Senate Minority Leader Chuck Schumer made clear that Democrats aren't budging without reforms to ICE, and that they plan to send a counterproposal. "We have to rein in ICE and stop the violence," Schumer said at a news conference at the Capitol. "We need reform." Democratic lawmakers are asking the Trump administration to impose a mask ban, judicial warrant reform, and a universal code of conduct for federal agents at ICE and CBP.
Doubts about the proposal came from all sides: conservative Republicans were uneasy with carving out ICE funding, and unconvinced that promises of future action through reconciliation will materialize. House Speaker Mike Johnson said a DHS funding bill that does not include funding for ICE would not be his preference. Trump offered a pessimistic assessment of the plan Tuesday afternoon, saying "any deal they make, I'm pretty much not happy," just as top Democrats were insisting they would need more to support the plan as well.

The Department of Homeland Security has been shut down for more than five weeks, and the resistance from Democrats, paired with skepticism among some Republicans including Trump, casts serious doubt on whether Congress can strike a deal this week. The shutdown began on February 14, 2026. It stems from Democrats in Congress demanding changes to how federal immigration enforcement operates after two U.S. citizens were shot and killed by officers in Minneapolis.

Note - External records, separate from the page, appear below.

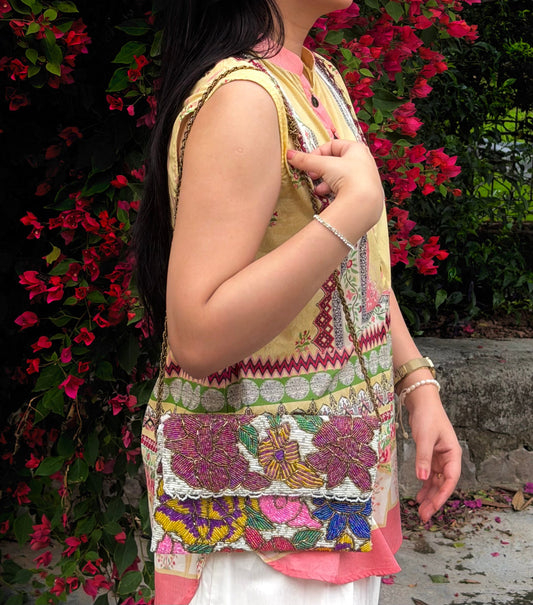Hand beaded Multi floral Clutch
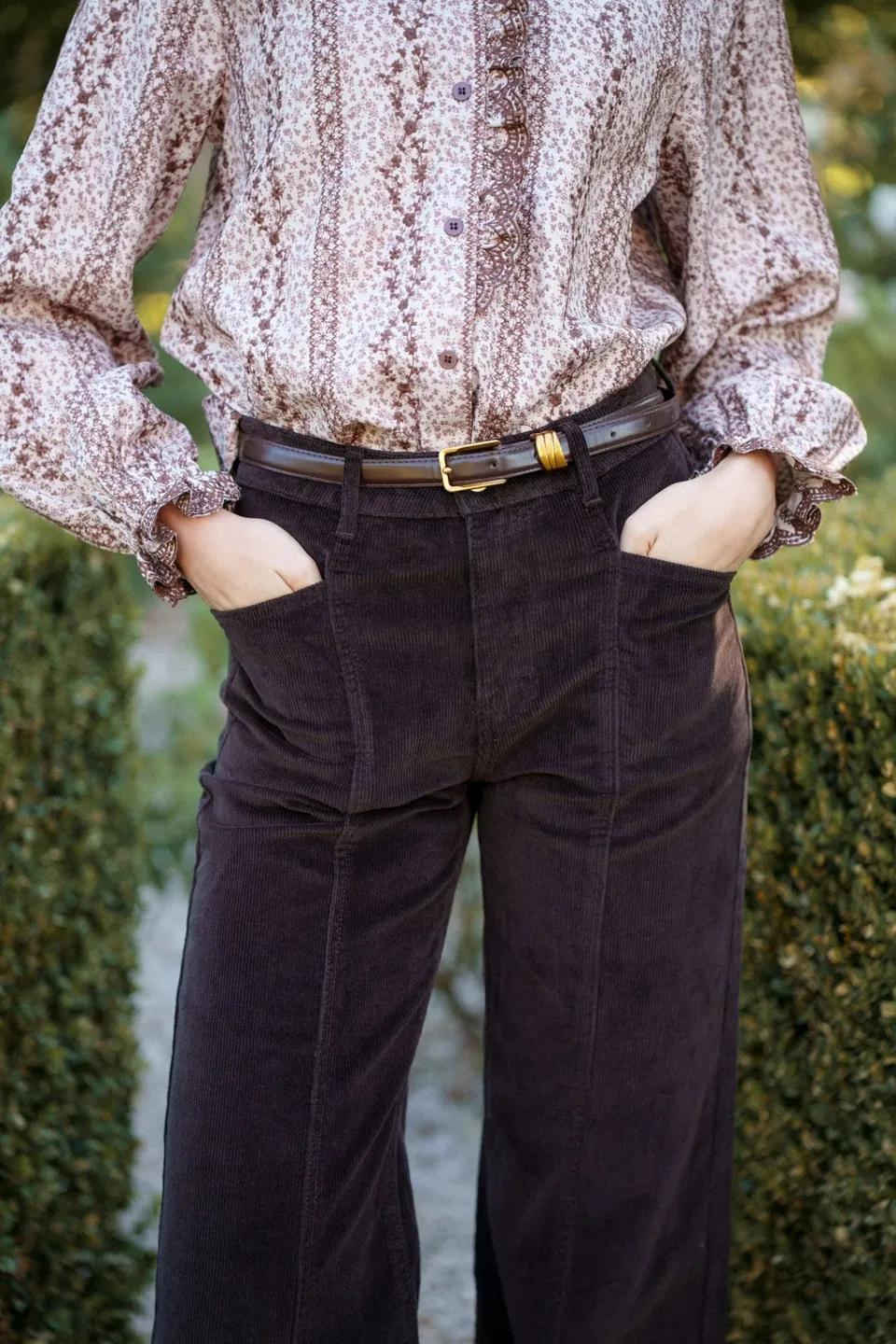 Maison Onado Eloy pantalon velours chocolat large
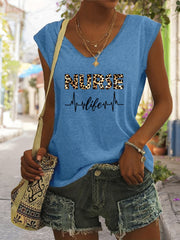 Nurse Life Print Tank Top V Neck Casual Top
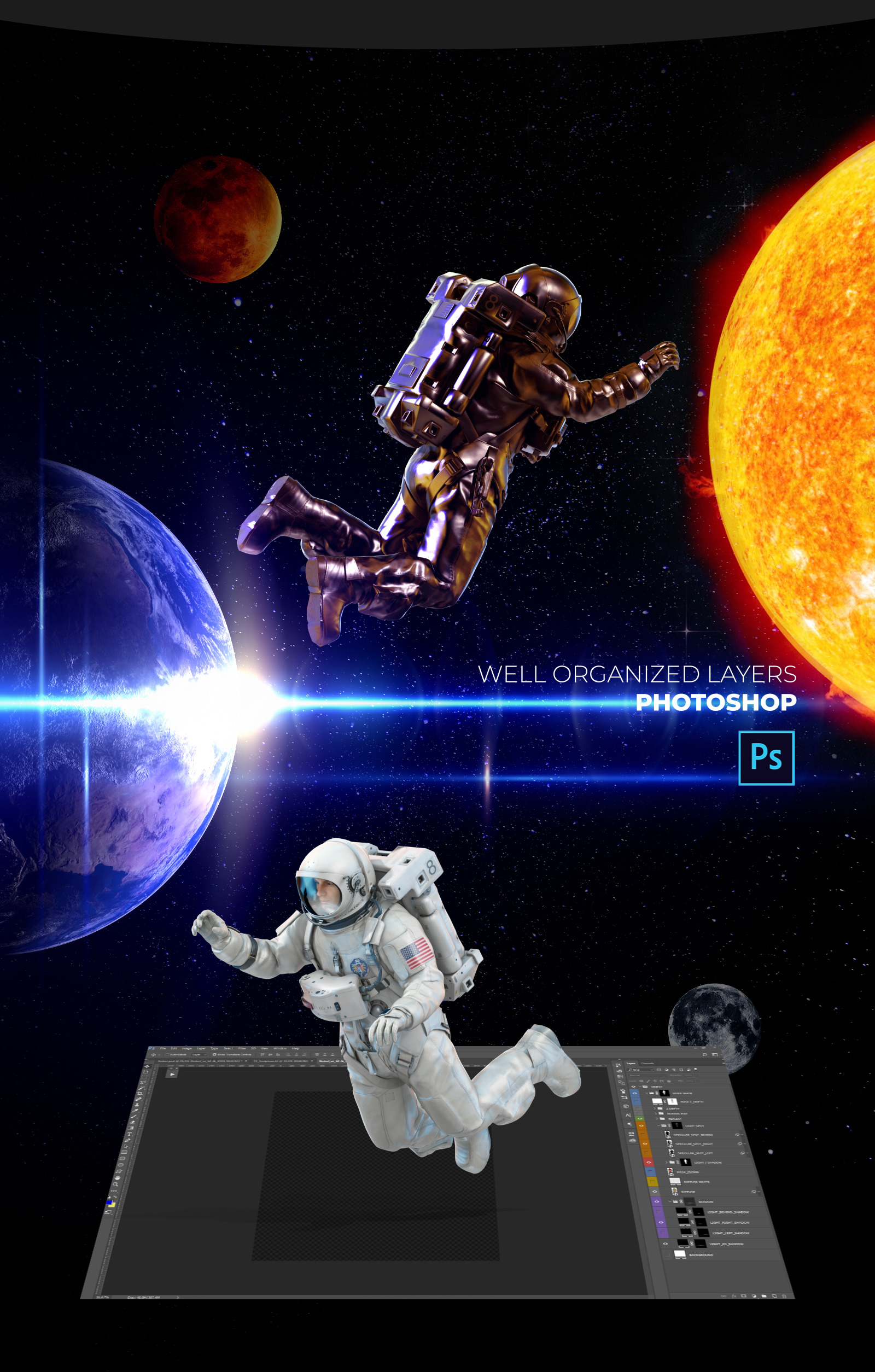 3D Mockup Space Astronaut #04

The human cost is accumulating at airport security checkpoints across the country. At least 458 TSA officers have quit altogether, according to DHS. Nearly 11% of workers called out on Monday, when airports across the nation saw hours-long security wait times and lines stretching into parking lots. George Bush Intercontinental Airport in Houston saw some of the most significant disruptions, with wait times for general screenings averaging about four hours as of midday Tuesday. The latest proposal to reopen the agency came amid swelling TSA lines, as agents faced a second missed paycheck this week. The Trump administration deployed ICE agents to some U.S. airports in what it described as a bid to assist TSA agents.
Some 2.8 million people were projected to travel on U.S. airlines each day in March and April, adding up to a record 171 million passengers, according to the industry group Airlines for America. With Easter and school spring break approaching, the pressure on both chambers to resolve the impasse is intensifying, even as Tuesday's collapse of talks pushed any deal further out of reach.